Hi,
I’m now investigating an issue with the Elasticsearch loader and happy if I could have advice from you folks.
We have set up Snowplow using Terraform. We are receiving some bad rows with “schema_violations” errors but cannot find those data in Elasticsearch. Bad rows for “adapter_failures” are available on Elasticsearch so I’m sure Enrich Server and Elasticsearch are connected.
We are loading bad rows also into the S3 and we can find bad rows with “schema_violations” in the data on S3.
Our setup is as follows:
Collector - Kinesis - Enrich - Kinesis for Good - ES Loader - ES
- S3 Loader - S3
Collector - Kinesis - Enrich - Kinesis for Bad - ES Loader - ES
- S3 Loader - S3
And our terraform config the Enrich is as follows:
module "es_loader_for_enricher_output_bad_stream_staging" {
source = "snowplow-devops/elasticsearch-loader-kinesis-ec2/aws"
version = "0.1.1"
name = "snowplow-es-loader-for-enricher-output-bad-stream-staging"
vpc_id = local.snowplow_conf_staging.vpc_id
subnet_ids = local.snowplow_conf_staging_subnets.private_subnet_ids
ssh_key_name = local.snowplow_conf_staging.ssh_key_name
in_stream_type = "bad"
in_stream_name = module.enricher_output_bad_stream_staging.name
bad_stream_name = module.es_loader_shared_output_bad_stream_staging.name
es_cluster_endpoint = aws_elasticsearch_domain.snowplow_elasticsearch_staging.endpoint
es_cluster_port = 443
es_cluster_name = aws_elasticsearch_domain.snowplow_elasticsearch_staging.domain_name
es_cluster_index = "snowplow-bad-enriched-index"
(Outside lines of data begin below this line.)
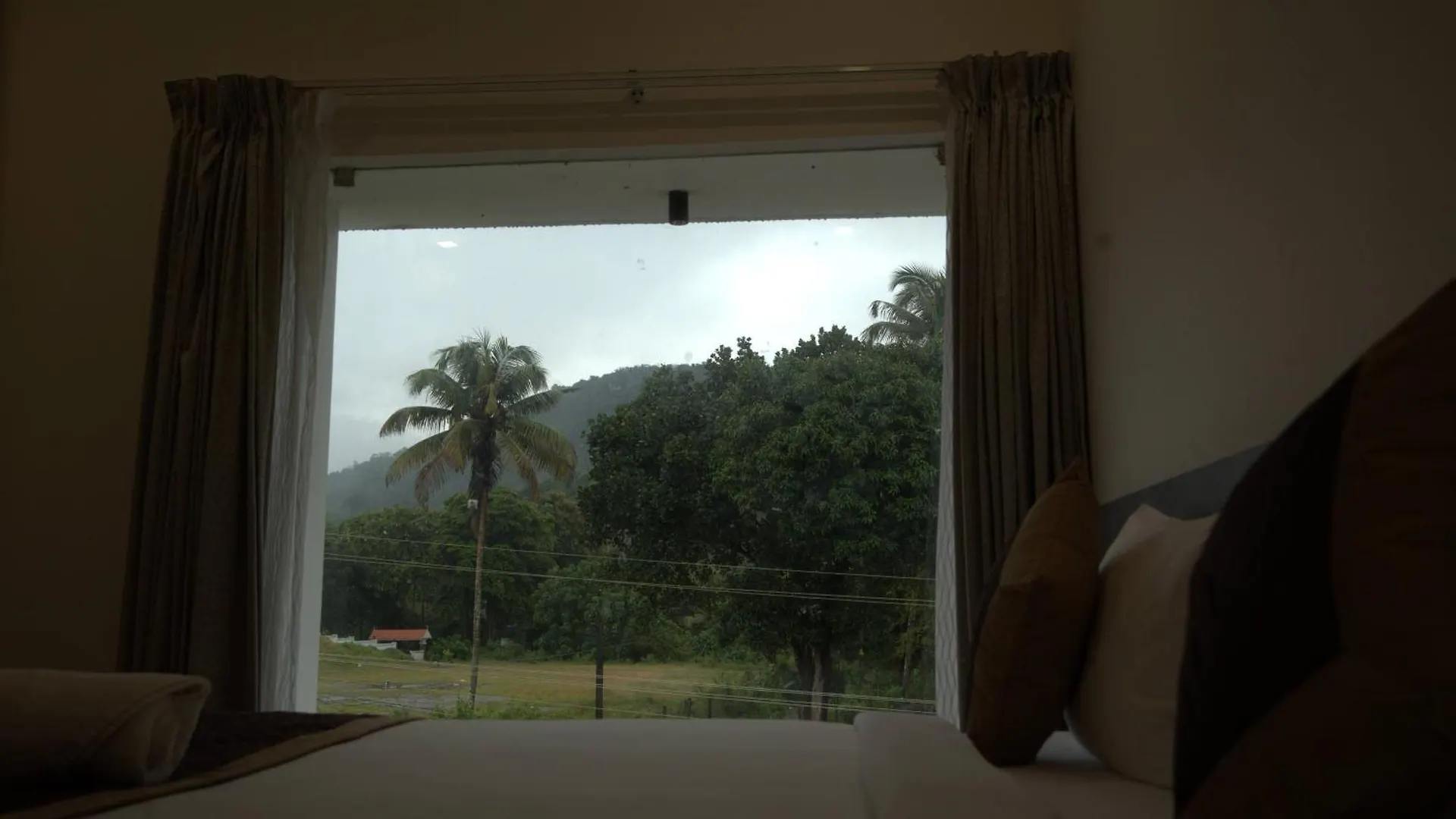 Sreeja Myst Hotel Athirappilly India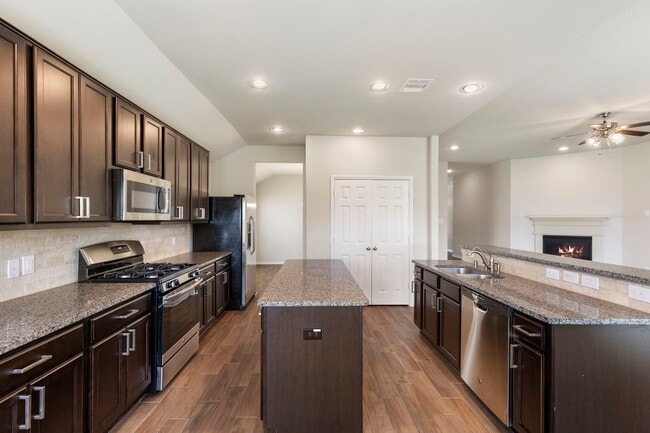 Building Photo - 10158 N Whimbrel Cir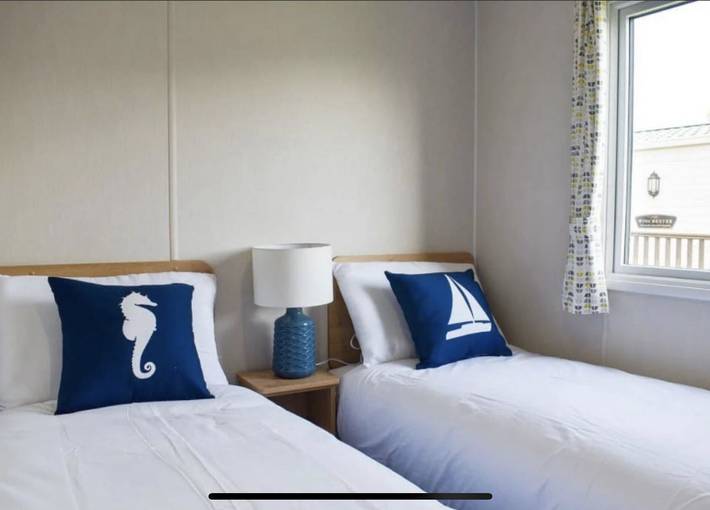 Holiday rental for 6 people, with garden and pool as well as balcony, child-friendly in Morecambe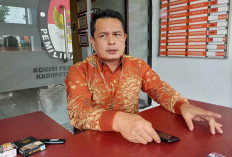 KPU Kepahiang Pastikan Pelipatan dan Penyortiran Surat Suara Selesai pada Minggu Petama 2024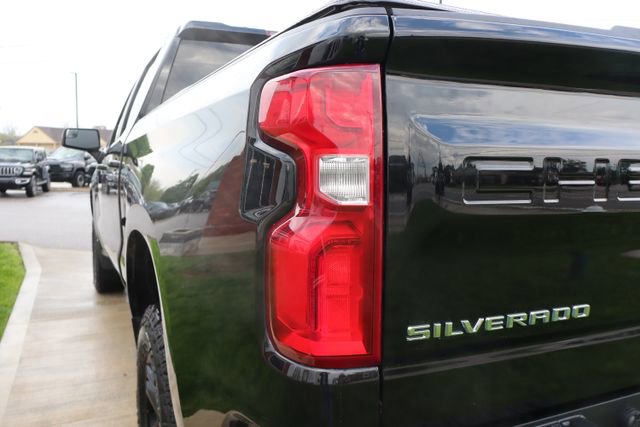 Used 2021 Chevrolet Silverado 1500 LT Trail Boss AWD/4WD image 32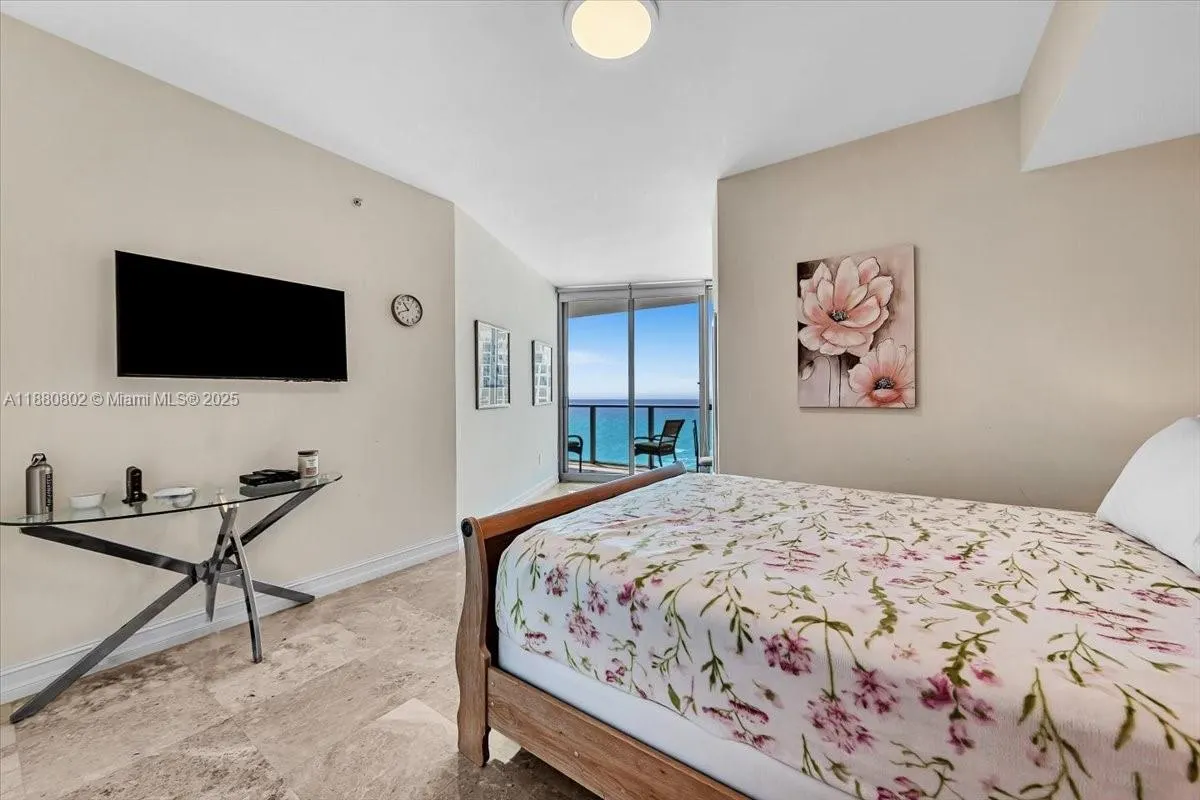 3101 S Ocean Dr, #2307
es_cluster_document_type = "bad"
aws_es_domain_name = aws_elasticsearch_domain.snowplow_elasticsearch_staging.domain_name
telemetry_enabled = false
}
And on S3 we can find bad raw data as follows:
{"schema":"iglu:com.snowplowanalytics.snowplow.badrows/schema_violations/jsonschema/2-0-0","data":{"processor":{"artifact":"streamCommon","version":"2.0.5"},"failure":{"timestamp":"2022-03-02T11:12:29.542037Z","messages":[{"schemaKey":"iglu:com.snowplowanalytics.snowplow/link_click/jsonschema/1-0-1","error":{"error":"ValidationError","dataReports":[{"message":"$.targetUrl: is missing but it is required","path":"$","keyword":"required","targets":["targetUrl"]}]}}]},"payload": ...TRUNCATED
Have check CW logs for ES loader but coulnd’t identify helpful output.